◆ PROBLEM DETAILS
Using the listing below, copy exactly the lines from the one containing "Monitor videointerfon Hikvision" to the one containing "Pomfrit klasik sa sirom i slaninom 280 grama", both lines included, and no others.

■ ■ ■

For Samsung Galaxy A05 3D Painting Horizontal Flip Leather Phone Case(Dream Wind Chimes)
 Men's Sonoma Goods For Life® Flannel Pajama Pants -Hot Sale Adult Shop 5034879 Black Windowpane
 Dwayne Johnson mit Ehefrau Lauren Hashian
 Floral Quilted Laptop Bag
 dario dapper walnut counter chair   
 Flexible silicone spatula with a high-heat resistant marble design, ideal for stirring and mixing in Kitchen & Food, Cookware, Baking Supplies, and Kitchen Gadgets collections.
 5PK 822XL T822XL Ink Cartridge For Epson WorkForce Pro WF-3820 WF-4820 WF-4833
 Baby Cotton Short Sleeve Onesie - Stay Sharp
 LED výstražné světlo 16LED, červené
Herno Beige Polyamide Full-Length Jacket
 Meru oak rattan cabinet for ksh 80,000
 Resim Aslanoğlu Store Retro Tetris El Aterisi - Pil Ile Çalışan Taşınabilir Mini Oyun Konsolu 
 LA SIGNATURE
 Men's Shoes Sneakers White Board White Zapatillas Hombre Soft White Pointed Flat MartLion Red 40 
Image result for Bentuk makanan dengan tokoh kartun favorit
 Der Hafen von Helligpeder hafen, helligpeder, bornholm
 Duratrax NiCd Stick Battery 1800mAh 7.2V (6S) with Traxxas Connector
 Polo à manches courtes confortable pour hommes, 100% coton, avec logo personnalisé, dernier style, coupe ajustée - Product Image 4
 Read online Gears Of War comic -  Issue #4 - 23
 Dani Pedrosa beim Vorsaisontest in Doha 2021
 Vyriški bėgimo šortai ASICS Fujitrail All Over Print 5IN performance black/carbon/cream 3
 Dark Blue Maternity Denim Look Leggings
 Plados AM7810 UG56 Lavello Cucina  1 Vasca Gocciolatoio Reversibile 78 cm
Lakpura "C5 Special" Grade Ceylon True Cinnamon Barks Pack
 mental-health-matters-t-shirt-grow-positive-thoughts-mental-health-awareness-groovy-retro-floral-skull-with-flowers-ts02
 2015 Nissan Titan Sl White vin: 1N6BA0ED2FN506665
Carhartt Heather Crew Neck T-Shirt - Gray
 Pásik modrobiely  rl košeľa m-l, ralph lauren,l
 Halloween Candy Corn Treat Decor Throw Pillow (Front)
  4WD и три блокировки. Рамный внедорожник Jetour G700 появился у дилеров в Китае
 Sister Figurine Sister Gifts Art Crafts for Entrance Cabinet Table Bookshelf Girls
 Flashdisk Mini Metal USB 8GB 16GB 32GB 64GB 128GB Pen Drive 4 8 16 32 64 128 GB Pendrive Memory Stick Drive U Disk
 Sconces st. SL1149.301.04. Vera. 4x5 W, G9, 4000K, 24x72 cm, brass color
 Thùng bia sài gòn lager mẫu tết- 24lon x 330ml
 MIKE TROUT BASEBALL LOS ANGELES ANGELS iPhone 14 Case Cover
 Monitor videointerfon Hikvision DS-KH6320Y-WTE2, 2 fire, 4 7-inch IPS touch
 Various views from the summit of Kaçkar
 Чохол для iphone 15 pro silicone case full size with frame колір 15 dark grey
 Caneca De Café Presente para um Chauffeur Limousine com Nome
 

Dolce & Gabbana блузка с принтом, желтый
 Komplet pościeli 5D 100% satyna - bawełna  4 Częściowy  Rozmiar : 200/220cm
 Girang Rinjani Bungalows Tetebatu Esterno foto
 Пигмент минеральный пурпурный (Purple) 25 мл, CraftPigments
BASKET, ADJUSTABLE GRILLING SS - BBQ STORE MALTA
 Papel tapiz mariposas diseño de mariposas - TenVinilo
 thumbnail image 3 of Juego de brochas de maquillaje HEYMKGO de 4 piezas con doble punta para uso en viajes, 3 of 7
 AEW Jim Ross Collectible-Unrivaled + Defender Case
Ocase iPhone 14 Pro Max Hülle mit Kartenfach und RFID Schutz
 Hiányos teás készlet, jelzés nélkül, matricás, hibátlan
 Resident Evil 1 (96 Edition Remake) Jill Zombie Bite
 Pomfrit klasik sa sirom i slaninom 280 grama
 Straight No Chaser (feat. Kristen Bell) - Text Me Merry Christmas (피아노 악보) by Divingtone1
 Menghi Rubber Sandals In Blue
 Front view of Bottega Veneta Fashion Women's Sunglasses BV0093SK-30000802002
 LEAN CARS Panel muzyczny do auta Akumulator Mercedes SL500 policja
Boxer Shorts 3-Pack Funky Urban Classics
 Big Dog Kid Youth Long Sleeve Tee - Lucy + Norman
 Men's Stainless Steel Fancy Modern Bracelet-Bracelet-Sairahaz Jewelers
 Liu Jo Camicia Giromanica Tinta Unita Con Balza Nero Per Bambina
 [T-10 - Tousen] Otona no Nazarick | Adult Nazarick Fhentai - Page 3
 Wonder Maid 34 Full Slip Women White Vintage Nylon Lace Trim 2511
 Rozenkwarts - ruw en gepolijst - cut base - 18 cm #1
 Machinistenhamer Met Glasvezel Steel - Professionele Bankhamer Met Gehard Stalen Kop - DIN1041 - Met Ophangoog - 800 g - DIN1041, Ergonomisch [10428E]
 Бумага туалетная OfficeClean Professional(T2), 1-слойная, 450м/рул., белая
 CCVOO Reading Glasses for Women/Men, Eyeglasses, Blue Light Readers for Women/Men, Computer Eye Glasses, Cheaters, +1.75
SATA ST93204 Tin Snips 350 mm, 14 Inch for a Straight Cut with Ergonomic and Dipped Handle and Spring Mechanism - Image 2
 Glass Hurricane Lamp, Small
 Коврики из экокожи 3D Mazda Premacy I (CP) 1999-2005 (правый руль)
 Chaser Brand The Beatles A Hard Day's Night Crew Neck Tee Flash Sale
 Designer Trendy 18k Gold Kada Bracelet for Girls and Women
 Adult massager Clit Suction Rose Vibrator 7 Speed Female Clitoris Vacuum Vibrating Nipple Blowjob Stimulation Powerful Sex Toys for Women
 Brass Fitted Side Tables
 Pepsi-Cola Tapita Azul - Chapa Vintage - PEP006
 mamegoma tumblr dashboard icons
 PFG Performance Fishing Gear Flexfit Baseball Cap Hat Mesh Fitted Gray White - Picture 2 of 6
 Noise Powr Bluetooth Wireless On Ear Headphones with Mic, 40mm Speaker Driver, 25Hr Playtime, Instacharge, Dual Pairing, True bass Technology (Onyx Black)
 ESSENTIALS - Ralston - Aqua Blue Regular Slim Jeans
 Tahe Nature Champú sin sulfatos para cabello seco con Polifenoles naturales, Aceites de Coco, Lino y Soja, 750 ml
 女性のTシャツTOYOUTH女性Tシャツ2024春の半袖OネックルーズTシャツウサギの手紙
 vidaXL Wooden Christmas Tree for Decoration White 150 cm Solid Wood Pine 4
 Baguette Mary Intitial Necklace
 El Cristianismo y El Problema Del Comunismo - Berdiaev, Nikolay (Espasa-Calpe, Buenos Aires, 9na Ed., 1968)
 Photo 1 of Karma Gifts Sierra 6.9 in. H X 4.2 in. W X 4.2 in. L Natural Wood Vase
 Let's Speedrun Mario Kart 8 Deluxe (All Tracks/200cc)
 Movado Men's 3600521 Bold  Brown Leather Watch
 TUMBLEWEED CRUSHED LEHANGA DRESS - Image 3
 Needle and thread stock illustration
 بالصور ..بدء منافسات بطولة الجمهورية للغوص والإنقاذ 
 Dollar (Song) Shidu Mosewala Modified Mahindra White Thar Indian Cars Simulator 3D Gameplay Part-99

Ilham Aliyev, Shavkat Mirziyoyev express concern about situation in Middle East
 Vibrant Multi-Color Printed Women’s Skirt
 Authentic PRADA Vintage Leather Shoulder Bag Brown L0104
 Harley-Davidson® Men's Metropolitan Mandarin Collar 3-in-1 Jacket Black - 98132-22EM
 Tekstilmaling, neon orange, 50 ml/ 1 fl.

■ ■ ■

◆ EXERCISE RESULT
 Monitor videointerfon Hikvision DS-KH6320Y-WTE2, 2 fire, 4 7-inch IPS touch
 Various views from the summit of Kaçkar
 Чохол для iphone 15 pro silicone case full size with frame колір 15 dark grey
 Caneca De Café Presente para um Chauffeur Limousine com Nome
 

Dolce & Gabbana блузка с принтом, желтый
 Komplet pościeli 5D 100% satyna - bawełna  4 Częściowy  Rozmiar : 200/220cm
 Girang Rinjani Bungalows Tetebatu Esterno foto
 Пигмент минеральный пурпурный (Purple) 25 мл, CraftPigments
BASKET, ADJUSTABLE GRILLING SS - BBQ STORE MALTA
 Papel tapiz mariposas diseño de mariposas - TenVinilo
 thumbnail image 3 of Juego de brochas de maquillaje HEYMKGO de 4 piezas con doble punta para uso en viajes, 3 of 7
 AEW Jim Ross Collectible-Unrivaled + Defender Case
Ocase iPhone 14 Pro Max Hülle mit Kartenfach und RFID Schutz
 Hiányos teás készlet, jelzés nélkül, matricás, hibátlan
 Resident Evil 1 (96 Edition Remake) Jill Zombie Bite
 Pomfrit klasik sa sirom i slaninom 280 grama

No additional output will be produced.